One thing I learned very quickly is how precious life really is.  I’ve seen life first-hand drift away in a matter of seconds, gone forever. We hear about tragic things on the news daily that brings thought and concern to our hearts. To some, life is time spent, the clock ticking away.  To us, life is meant to be lived to the fullest.  Don’t dream your life, live your dreams, whatever they may be.  Helen Keller said it best, “Life is either a great adventure, or nothing”.
So many of us get caught up in daily life, careers, making money and spending it on  material items as true American consumers.  I admit it, we were there as well at a low point in our lives.  Making great money, spending money, creating debt, and focusing only on careers.
 Though we were following the excepted path of society norm, slowly we could see ourselves creeping away from the life we truly wanted. Family time was now career time, happy time was spending money at Costco, and weekends were spent washing cars and mowing the lawn. Day in and day out, like an unforgiving cycle.
Clearly material items did not bring happiness, just the desire to want more, buy bigger, and keep up with the Jones family.  Something had to give and we as a family made the decision to change our lives and our lifestyle.
Extreme by some and misunderstood at times, by moving aboard our boat and simplifying life we have gained so many things. By getting rid of meaningless material items we gained strength in what truly matters. By living an ever-changing lifestyle of adventure with the ocean as our backyard we have escaped the concrete prison many poor souls call “home”. 
At any given hour there is someone staring at a computer screen saver at work inside their office, dreaming and wondering if they will ever experience life the way they want to. The choice is yours and it is up to you to make those decisions, as difficult as they may be.
Live life now…don’t wish you lived life when you’re talking to the hospice nurse.

 

Thursday, February 14, 2013

Filling the boat with water...


So a quick reminder to me: When filling up our water tanks (in excess of 120 gallons) make sure you turn the water off when the tanks are full.  Better yet, make sure you are actually on the boat and not at Safeway getting groceries, nearly four miles away.
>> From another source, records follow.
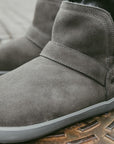 Be Lenka Polaris All Grey
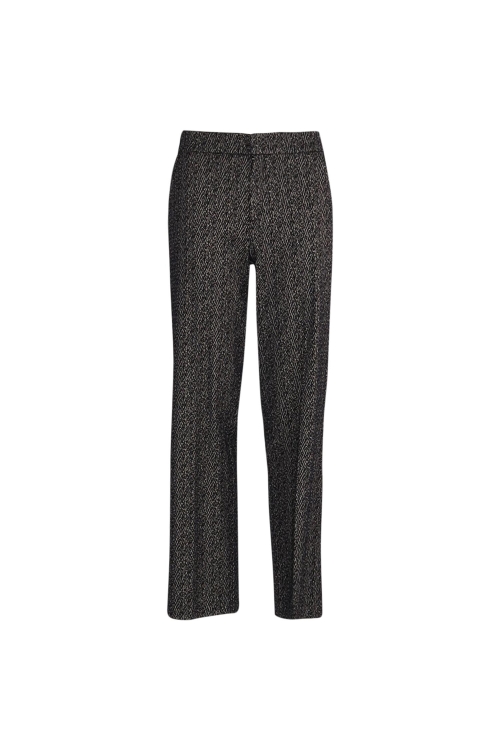 Broek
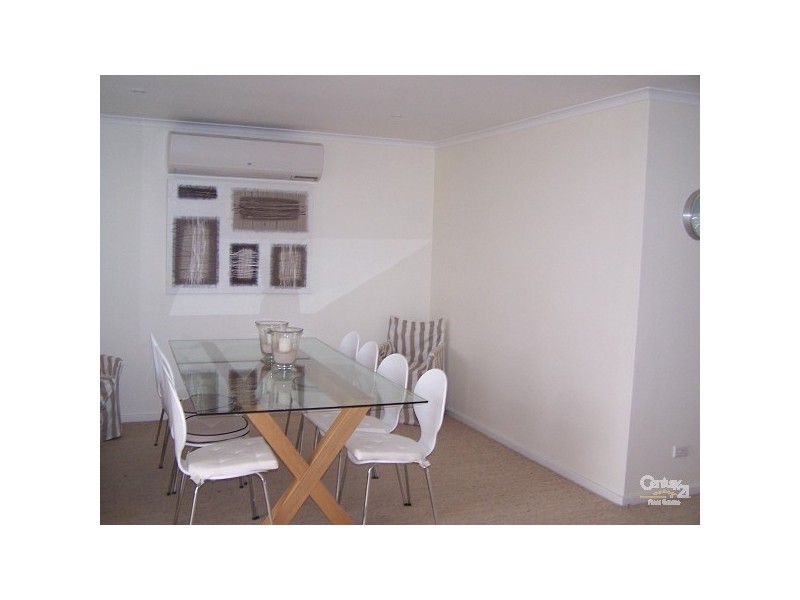 ** LEWIS ROAD, Carrickalinga SA 5204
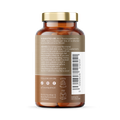 Image 3 for Sun-Kissed - Clinically Proven Tanning Accelerator with Melaline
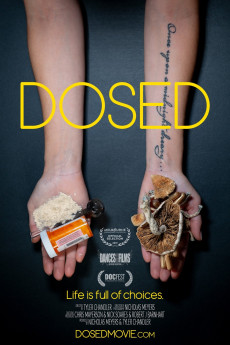 Dosed (2022) download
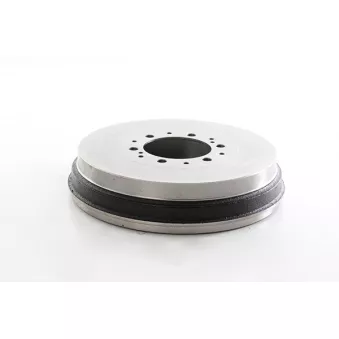 Tambour de frein BSG BSG 85-225-007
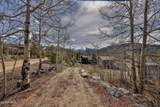 308 Grand - Photo 18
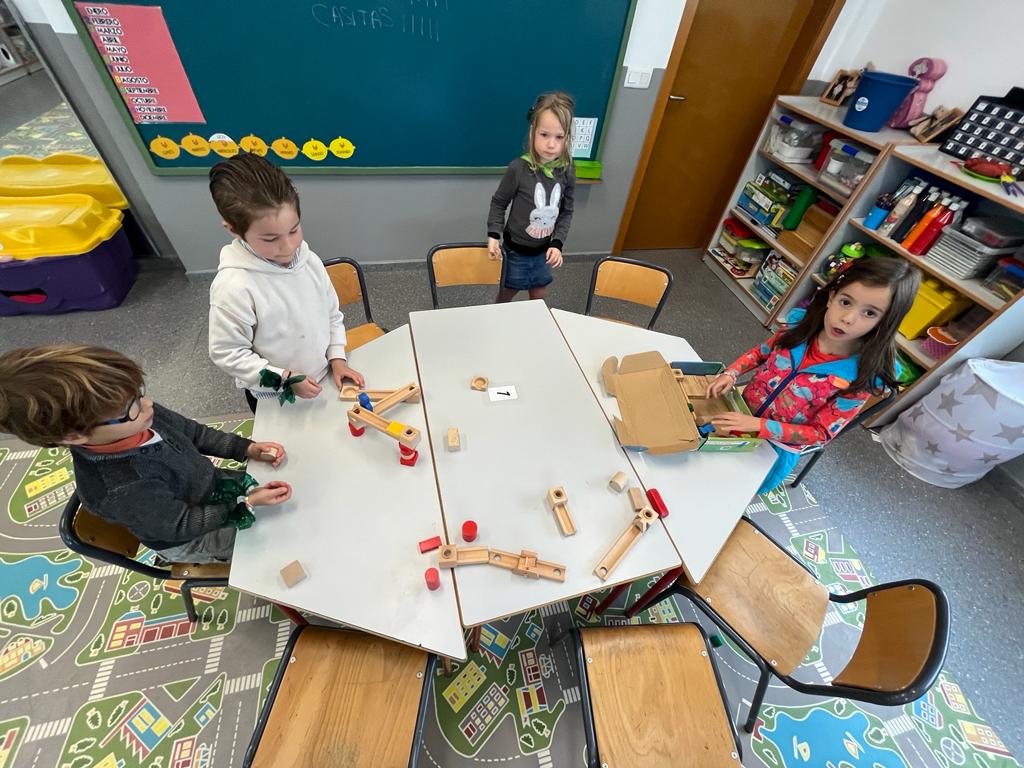 WhatsApp Image 2023-12-20 at 19.19.29 (21)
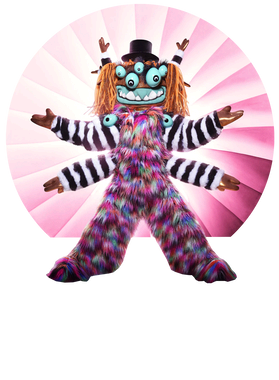 image overlay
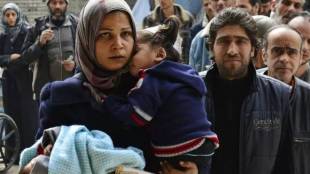 US, Donald Trump, Palestine, US aid to Palestine refugees, world news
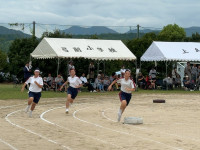 IMG_6326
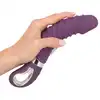 05510230000_6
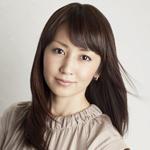 矢田亜希子の画像 ameblo.jp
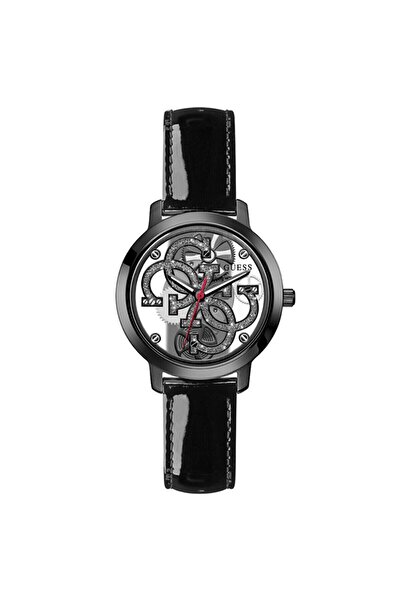 Guess Ceas de mână pentru femei GW0301L1
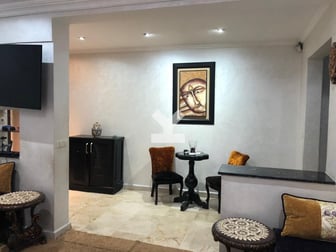 user-CA007013-image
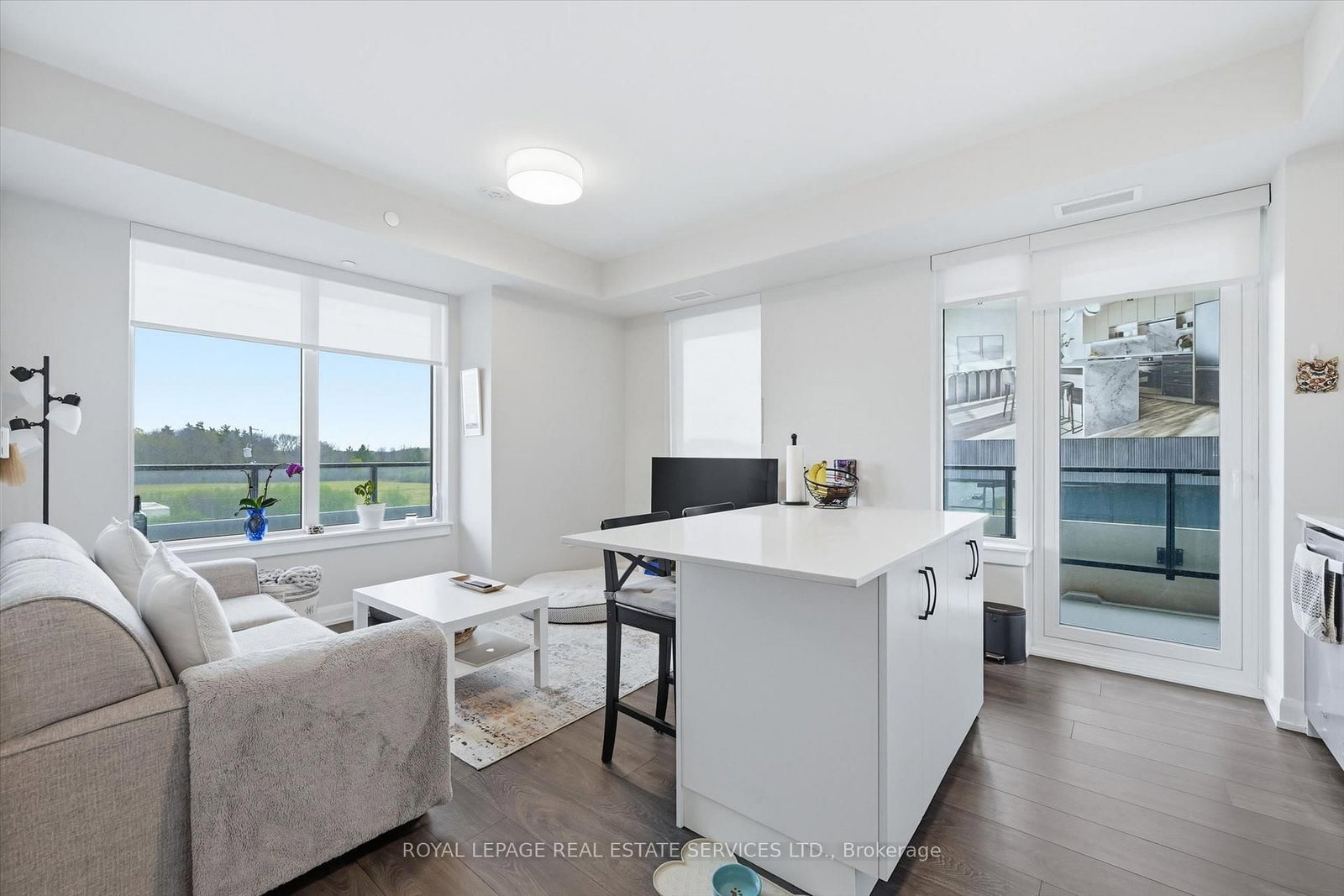 3220 William Coltson Avenue, Unit 314 - Photo 14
Yes, I overfilled...or should I say overflowed the water tanks. This action in turn spilled numerous gallons of water into the bilge providing a nice bilge cleaning process.  At lease we know our bilge pumps work...

Monday, February 11, 2013

What Power Outage?

Last night on the menu was breakfast for dinner.  A family favorite.  I assigned Hannah to the toast detail.  Nothing a five year old can't handle, right?  She was so proud when she handed me the plate full of toast... Half of the toast was done and the other half appeared as if it were fresh out of the bag.  I figured this is just what you get when you ask a five year old to toast bread.  I nonchalantly took the untoasted bread and proceeded to stick it in the toaster, pushed down the lever, nothing.  We have a problem.  I immediately go into trouble shooting mode.  Is the toaster plugged in? Yes.  Did I trip the circuit breaker?  Maybe.  I looked at the AC panel.  It's dark, no lights whatsoever.  I begin flipping switches.  This immediately gets Jake's attention.  Clearly I have broken something that he will have to put on his list to fix.  Lucky for me, there was a simple explanation.  The power was out citywide.  Oh well, dinner must go on.  I really don't think you can go wrong with any meal involving bacon. The kids didn't mind the untoasted toast one bit.

In the middle of dinner we get a phone call.  The next day we get emails.  How did you guys do with no power on the boat?  Well, let's see here.  I looked outside and it was pitch black in the houses surrounding the marina.  We had lights (dc operating led cabin lights).  We had heat via propane heater, and a fully functioning stove and oven also operating off of propane.  So pretty much had the toast not been toasted, we probably wouldn't have noticed that some dummy took out a transformer box at 100 mph (that's probably not what happened, but it sounds exciting).  So there landlubbers, score one for living on a boat. 

Friday, February 8, 2013

Welcome to svohana.com!


To our family, friends, and anyone else who would like to follow our adventures.  The crew of sv 'Ohana welcomes you to our blog which will provide insight to our lives aboard a 41' cruising sailboat. In preparation for offshore voyages we will share our experiences, in cruising to destinations we will share our adventures, and in growing together as a family we will share our lifestyle...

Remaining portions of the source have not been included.